Migrationsgeschichte aus dem Sauerland

Zeyad 2014

Quelle: Bianka Hesse

Zeyad, ein jemenitisches Kind, wird im Alter von sechs Jahren mit Hilfe einer Ärzteorganisation nach Deutschland geholt, um den vor drei Jahren gebrochenen linken Unterschenkel zu retten. Nach sechsmonatigem Krankenhausaufenthalt reist er zurück zu seinen bitterarmen Eltern und zwölf Geschwistern. Wenige Monate später wird der Junge erneut allein nach Deutschland geflogen. Bis zur geplanten Rückkehr, nach 18 Monaten Klinikaufenthalt, hat er etwa 30 Operationen über sich ergehen lassen. Die Knochen seines Unterschenkels werden entfernt und durch Knochenfragmente, die man seinem Körper entnimmt, ersetzt. Ohne Sprachkenntnisse und ohne eine Bezugsperson kämpft er gegen viele Qualen um sein Überleben. Als er aus der Klinik entlassen wird, bittet man ein älteres Ehepaar, das Kind für fünf bis sechs Wochen bis zum Rückflug zu beherbergen. Zeyad hat sich zu einem sozial verwahrlosten Kind mit Hospitalismus-Symptomen entwickelt, seine Seele kennt nur noch Kampf. Ein Unfall nach 14 Tagen auf dem Hof der Pflegeeltern und daraus folgende Komplikationen mit zehn weiteren Operationen verzögern die Rückführung ins Heimatland mehr und mehr.
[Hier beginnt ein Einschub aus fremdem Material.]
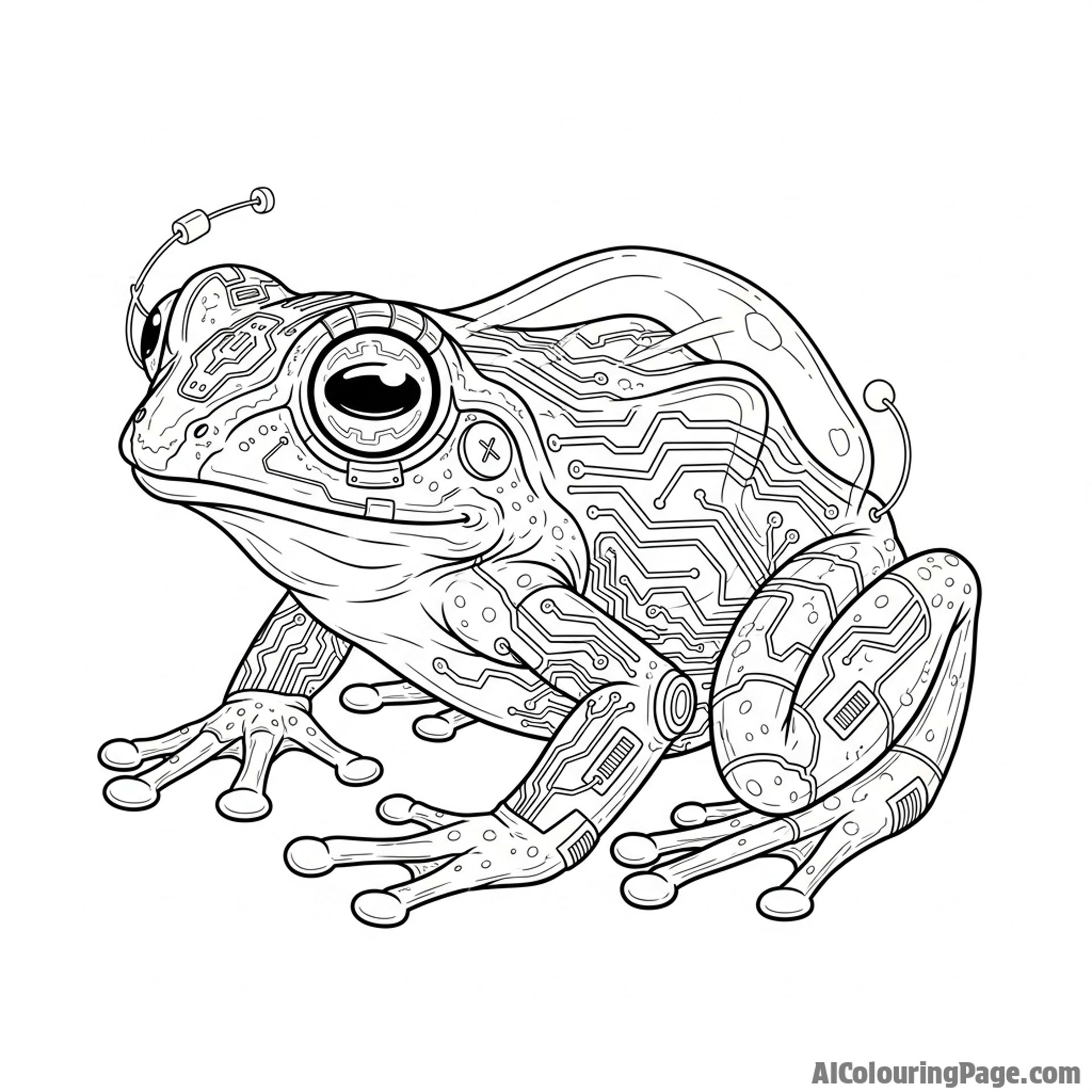 A cyberpunk frog with glowing neon circuits integrated into its body.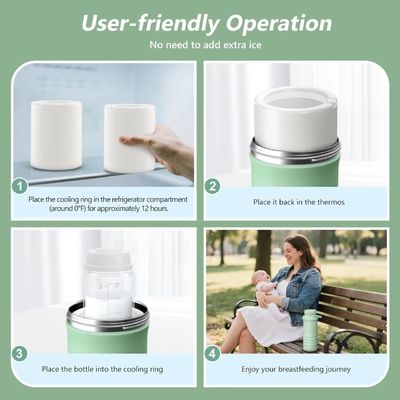 持ち運び可能な母乳冷却器 屋外用,24時間360°総冷却を備えた生命救助機,大容量旅行用 母乳冷却器 母乳貯蔵用の2個小児用瓶付き,緑色
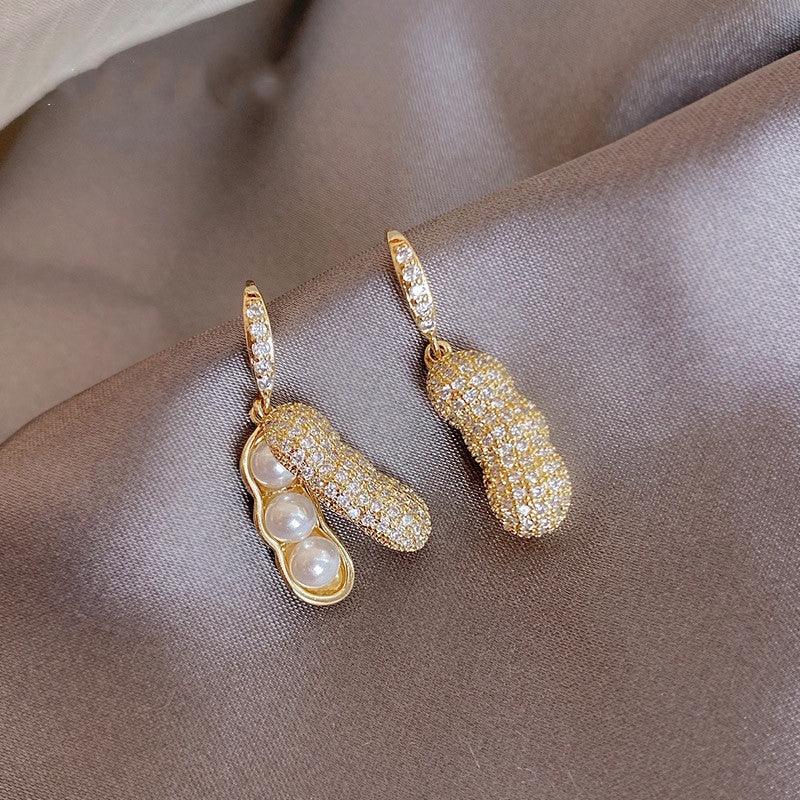 Shining Diamond Opening And Closing Imitation Pearl Earrings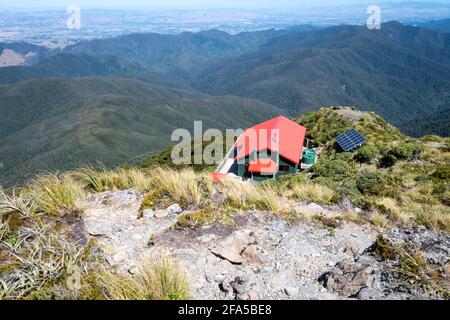 Powell Hut, Mount Holdsworth, Parc forestier de Tararua, Île du Nord, Nouvelle-Zélande Banque D'Images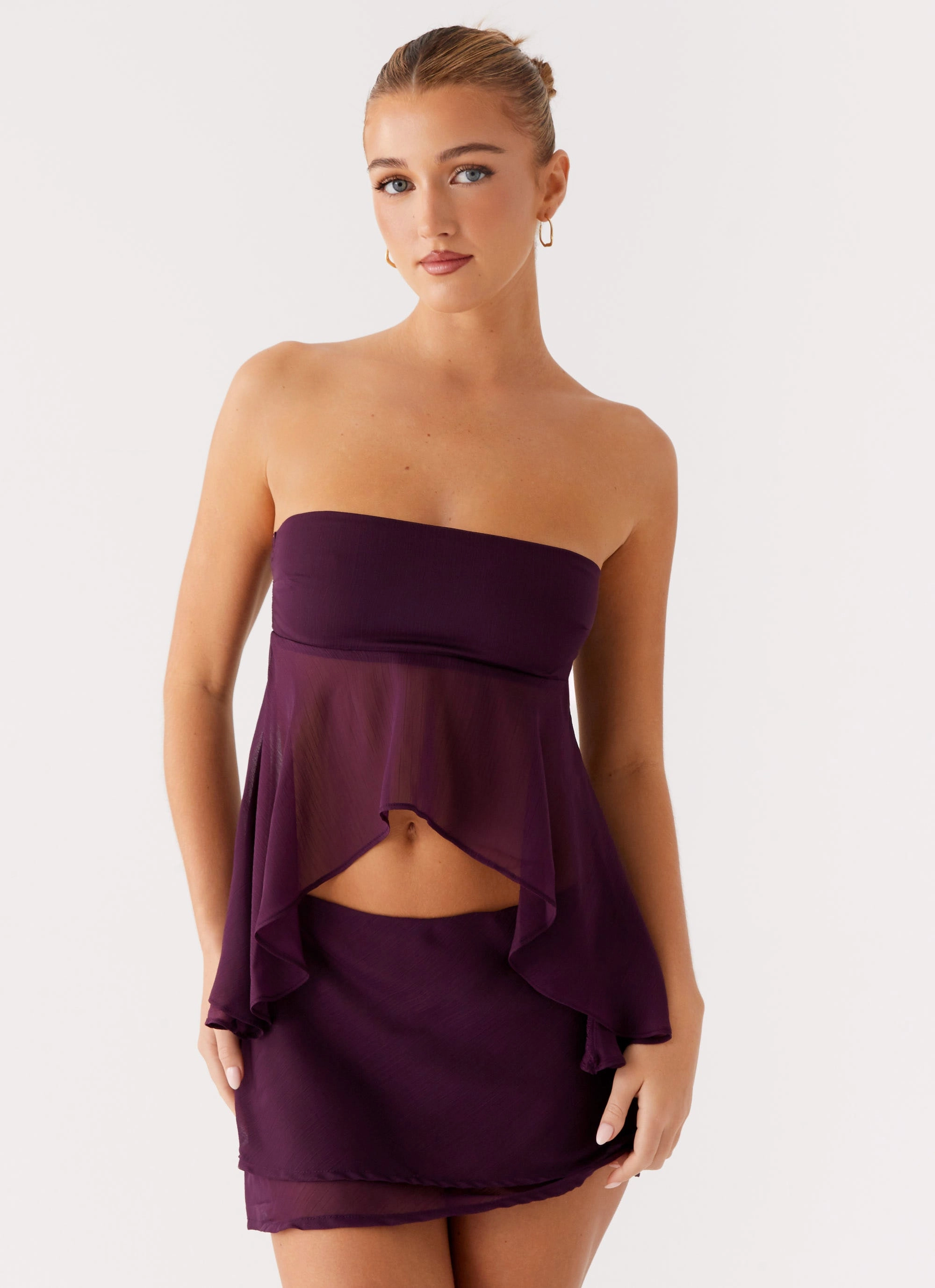 Caleb Top - Plum Moisture Wicking Material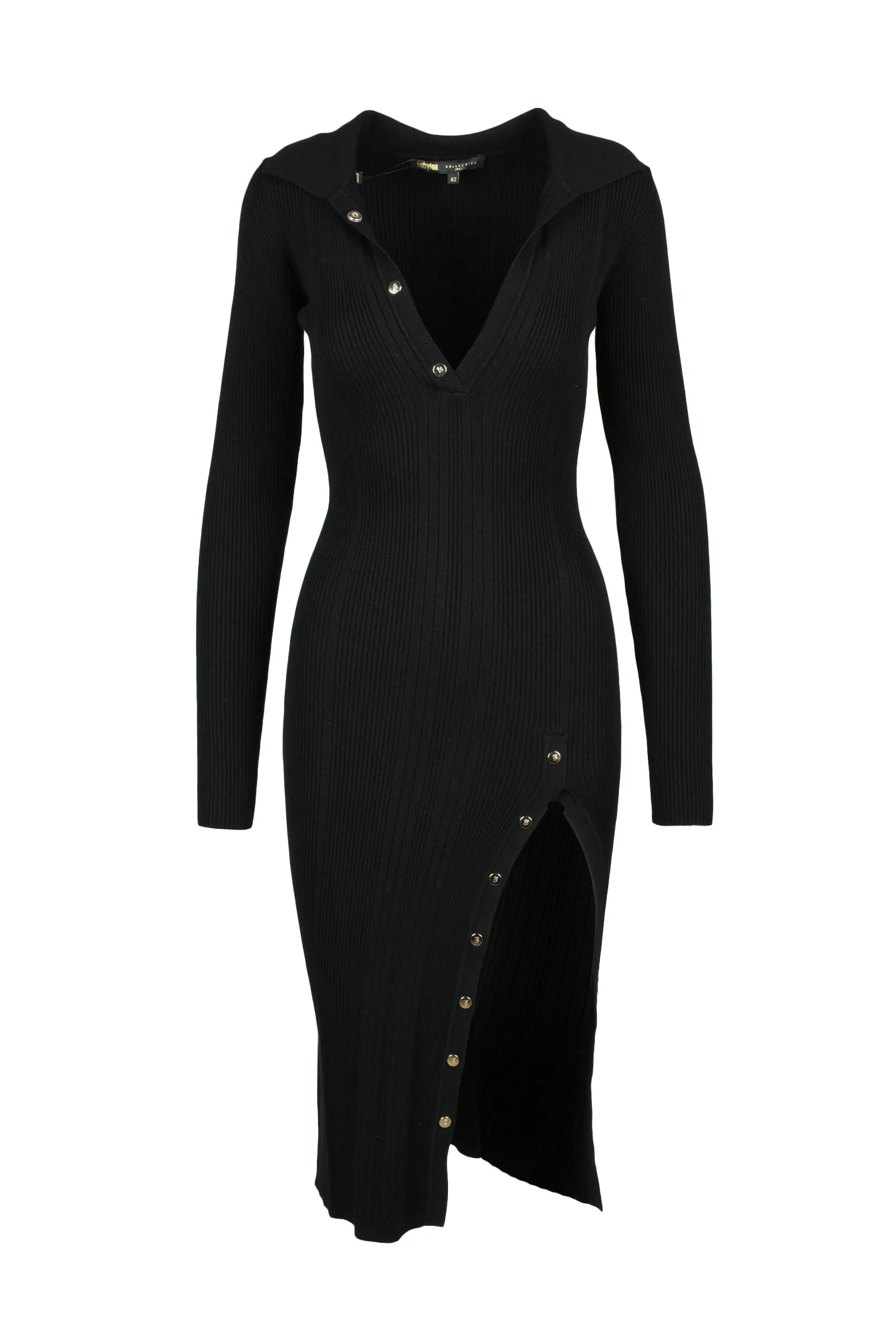 Abito Lungo in Maglia Nero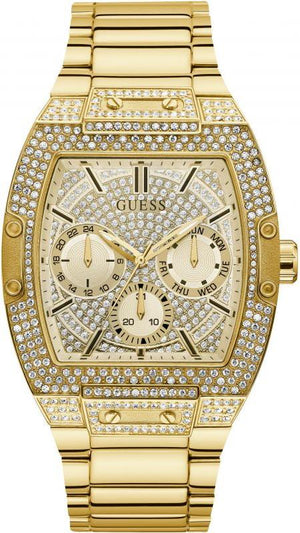 Guess Phoenix Multifunction Crystals Gold Dial Gold Steel Strap Watch For Men - GW0094G2 Authentic Buy Shop Now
Sozial verwahrlostes Kind mit Hospitalismus-Symptomen

Nach zwei Jahren bei den Pflegeeltern hat sich eine große beiderseitige Zuneigung entwickelt. Mit Empathie und Fachwissen aus Bergen von Büchern haben die Pflegeeltern einen Schutz um die verletzte Seele aufbauen können. Zeyad hat nur noch den Wunsch, in Deutschland, in der Familie, bleiben zu dürfen. Es beginnt ein Streit mit der Ärzteorganisation, die verpflichtet ist, das Kind zurückzuführen. Der Kampf weitet sich aus und landet sogar vor Gericht, wo endlich ein Richter zum Wohl des Jungen entscheidet, der inzwischen die Schule besucht und die deutsche Sprache perfekt beherrscht, während er sich konsequent weigert, auch nur ein Wort Arabisch zu sprechen. Vor der Erteilung des Sorgerechtes wollen die Eltern, die über all die Jahre nichts von sich haben hören lassen, ihn noch einmal sehen. Sie werden eingeladen. Zeyad ist voller Abneigung und Panik, für ihn ist der Besuch sehr anstrengend. Wenige Wochen nach Abreise der Eltern und Erteilung des Sorgerechts an die Pflegeeltern bricht sich Zeyad erneut den fragilen Unterschenkel und beschließt mit Unterstützung eines Professors, der kurz zuvor erstmals konsultiert wurde: „Das Ding muss ab!“ Nach all den Operationen für den Erhalt des Beines bewältigt Zeyad nun mit der gleichen unendlichen Willenskraft die Amputation. Wenige Monate später springt und klettert ein glückliches Kind mit perfekt sitzender Prothese über Tische und Bänke. Mit derselben Vehemenz erkämpft der Junge sich einen neuen Namen: Fortan will er Max genannt werden. Drei Jahre nach der Übernahme des Sorgerechts erhält er den deutschen Pass und kann als Maximilian glücklich in seine Zukunft wirbeln.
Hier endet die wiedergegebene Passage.